I’m also going to share with you some home-made beauty recipes which plunder nature’s more cooling bounty, and which I fine-tuned while I was writing my book The Ultimate Natural Beauty Book, a few years back.  Making your own cosmetics is actually far easier than the beauty industry lets on, and when busy-ness allows, I still find it huge fun – especially if I can lasso female teenagers, who seem to find whipping up beauty products at home nothing short of miraculous.

But first, my (hot) cool tips…

•  Victorian women would hold the inside of their wrists under a cold running tap for a minute – an amazing instant cool-down that’s gone out of fashion, but is just as effective today.

•  I have built up a lovely collection of old-fashioned fans, from boot fairs – or buy them in hot countries like Spain, and the Caribbean.  Much more elegant than the teeny battery-operated kind (and just as efficient).

•  Keep your regular toner, moisturiser and body lotion in the fridge;  the cooling sensation while you pamper your skin is exquisite bliss.

•  Boost your diet with foods that have a ‘cooling’ effect when they are eaten raw, added to salads, or briefly cooked:  fruits (especially melon), berries, salad greens, asparagus, cucumbers, peas, greens, corn and tomatoes.

•  If you happen to get sunburned, slather any areas of redness with yoghurt, fresh from the chiller, which works to calm over-heated skin.

•  And you can always do what Marilyn Monroe suggests in The Seven Year Itch:  keep your undies in the fridge till you’re ready to wear them!

•  4711 eau de Cologne is the most fantastically cooling all-over splash;  there’s no risk of overdoing it because the citrus notes fade fairly swiftly, but you feel daisy-fresh after use.  For the same reason, I keep the travel tissues in my handbag:  a sexy alternative to wet wipes with a skin-cooling bonus.

•  I also very much like Temple Spa Chillicious, a body spritzer which really does work to bring the skin’s temperature down near-miraculously.  Great for sticky, hot journeys.

•  Linen is by far the coolest fabric to sleep in:  linen sheets, nighties, pillows.  Might sound extravagant but vintage versions are all available inexpensively.  And this is a sad admission but I even belong to a Facebook group called ‘I flip my pillow over to get to the cold side’ (I do!), which has a staggering 971,000+ members, so clearly I am not alone.
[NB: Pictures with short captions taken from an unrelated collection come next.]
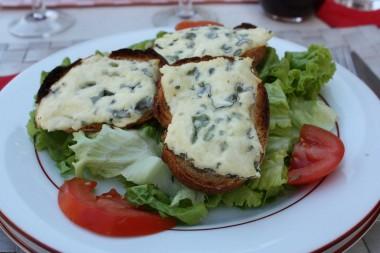 Fourme d'Ambert sur pain chaud© P.Faus Fourme d'Ambert sur pain chaud© P.Faus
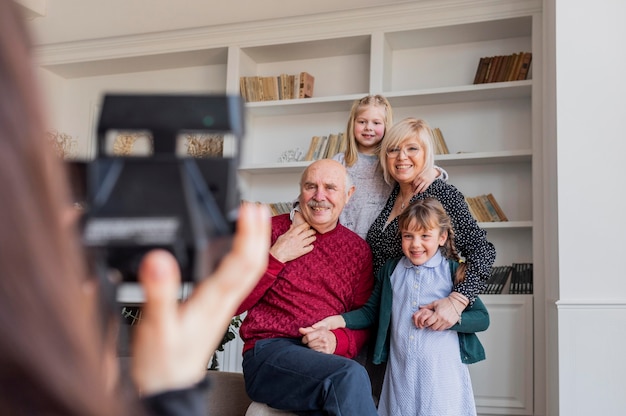 Vrouw fotograferen met camera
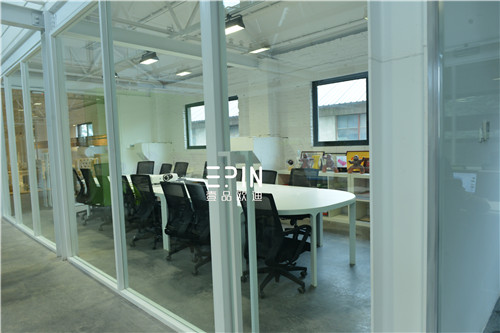 沐鸣2客户筑焱建筑设计公司LOFT艺术时尚办公空间家具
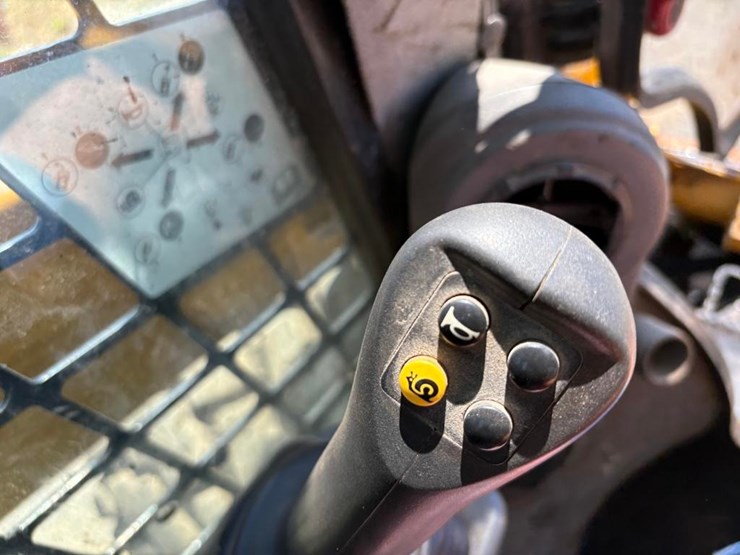 caterpillar-272d3-image-20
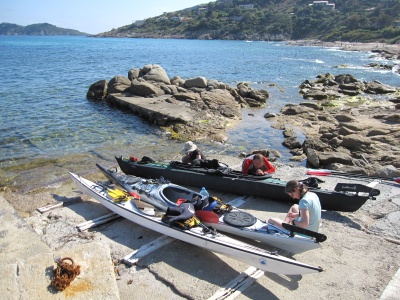 Petrel tempest de JF kayak au premier plan, Laser de Rainbow en second plan et Klondike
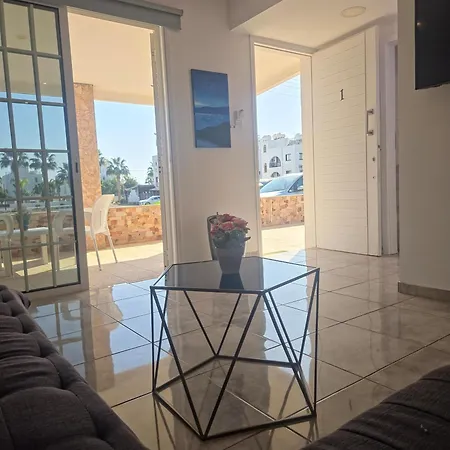 בית נופש 2 Bedroom Sea View פיילה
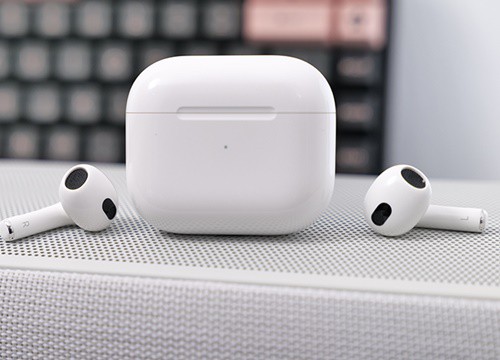 AirPods 3 hàng 'xách tay' giá gần 6 triệu đồng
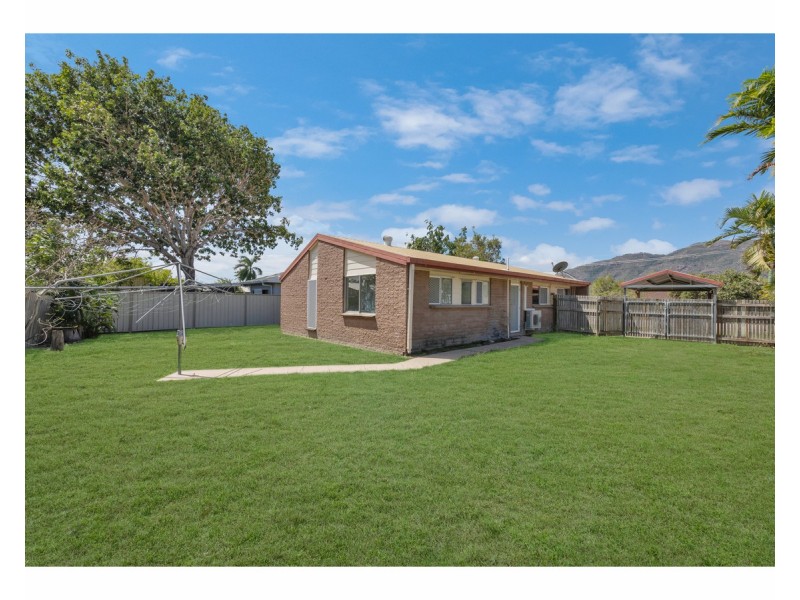 317 Pinnacle Drive, Rasmussen QLD 4815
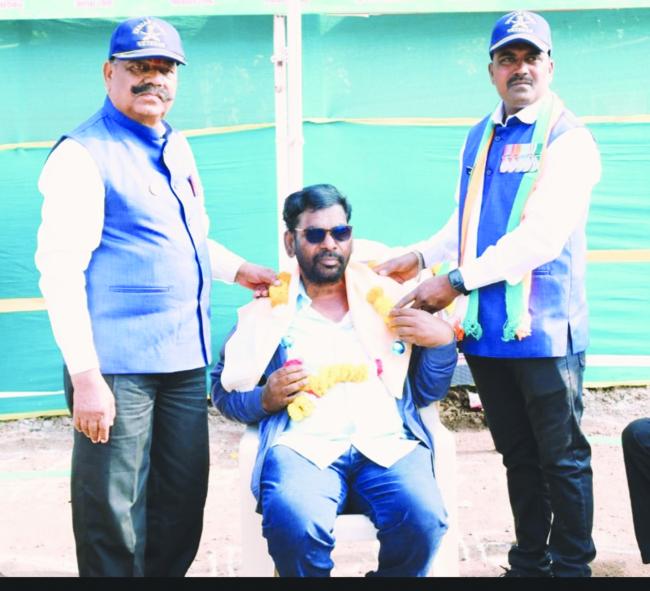 ಹಿರಿಯ ಪತ್ರಕರ್ತ ಸುಭಾಷ ಕಾಂಬಳೆ ಅವರನ್ನು ಸನ್ಮಾನಿಸುತ್ತಿರುವ ಮಾಜಿ ಸೈನಿಕ ಪದಾಧಿಕಾರಿಗಳು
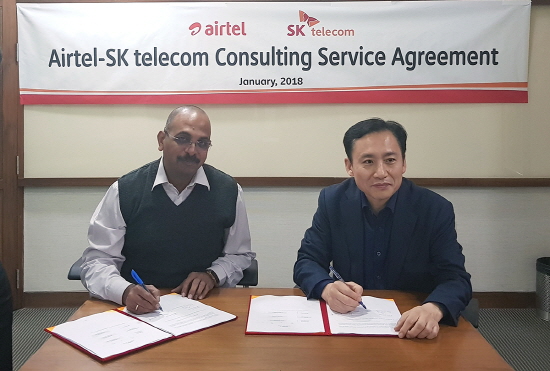SK텔레콤은 인도 바르티 에어텔社와 LTE 네트워크 운용 컨설팅 계약을 체결했다. 사진은 SK텔레콤 심상수 인프라 Biz 본부장(오른쪽)과 바르티社 아베이 사바가온카르 CTO가 컨설팅 계약을 체결하는 모습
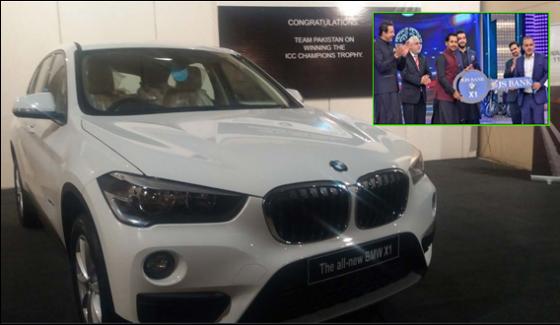 Dewan Group And Js Bank Gifted A Bmw To Sarfraz Ahmed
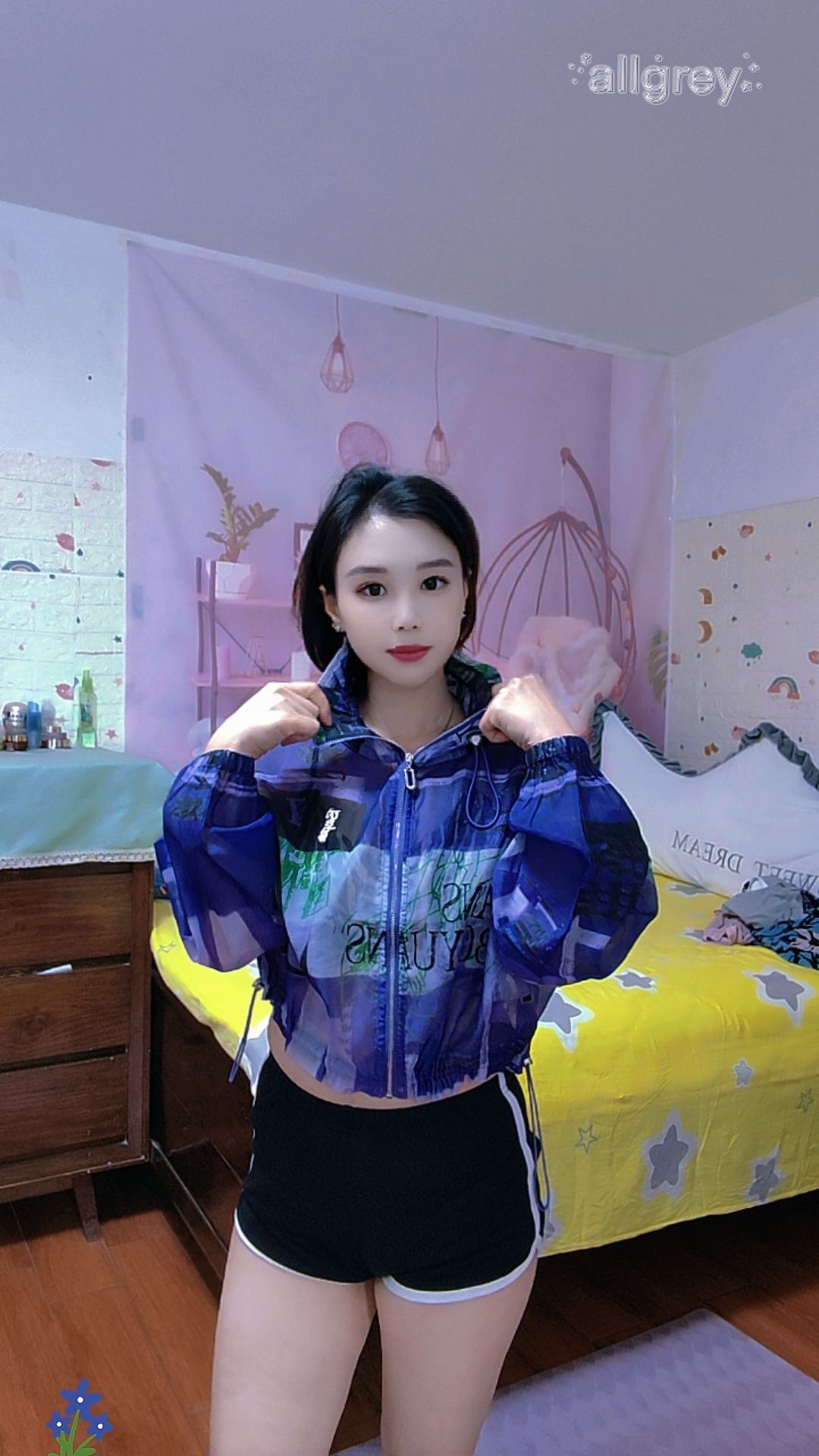 海珠中大乐乐 小鸟依人 解锁更多姿势 小嫂子味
In terms of beauty products, look for anything featuring mint or cucumber on the ingredients list, which are cooling botanicals.  Ditto aloe.  But those are ingredients you can also grow and harvest at home, if you like, to whip up skin goodies.  As a quick-fix for tired feet, you can also try a couple of drops of peppermint in a washing-up bowl of cool water and soak your feet for 10 minutes, to put the spring back in your step.  (And see the recipe, below, for a cooling summer mint bath.)

Milk, Cucumber and Mint Cleanser

A terrific summer cleanser, to be made regularly and kept in the fridge, where it will keep for up to a week.  Summer skins love it…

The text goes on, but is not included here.